We have a design with four ptd08a006w providing four different supplies. The four ptd08a006w share one inhibit line that is pulled-up via a 10kΩ resistor to 3.3V (generated by the controlling UCD). These are the only five connections to this line. (four modules, one pull-up).
One of our systems has developed a fault after nearly a month in operation in which the inhibit line goes to less than 1.2V, causing all four modules to shut-down. Under this condition I measure from 1.5kΩ to 700Ω to ground (variable depending on condition, see below, but independent of measurement polarity ). On the running system, the inhibit line remains at around 3.33V (depending on the UCD supply, of course; which in this system is around 3.38V).

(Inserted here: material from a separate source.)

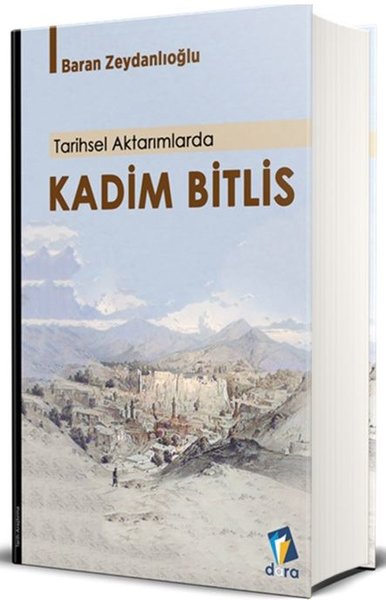 Tarihsel Aktarımlarda Kadim Bitlis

The fault is intermittent, in the sense that when I probe the INH line with a multimeter that can push up to 1mA into it, the fault will go away (for a day or more) and the impedance to ground would raise to 14kΩ or so. This is a reliable way to get the modules to start again. Measure with the multimeter, wait for the impedance to raise above 10kΩ, then power the system up. A lower-current multimeter would not change the fault condition. We have thoroughly verified the connections, and ensured that there is no solder or flux residue present on them.

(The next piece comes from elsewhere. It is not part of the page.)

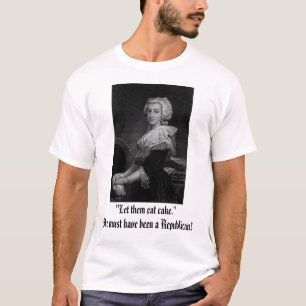 T-shirt Marie Antoinette, "les a laissés manger le gâtea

I cannot find any documentation regarding the circuitry behind the INH line, and I see no obvious reason for an intermittent fault that gets cleared by the simple fact of measuring it. We have no obvious way to isolate which one of the modules is at fault without removing each module individually. I could simply try to use a smaller value pull-up (e.g., 1kΩ) and hope that it works, but I would like to know what is the root cause of this problem.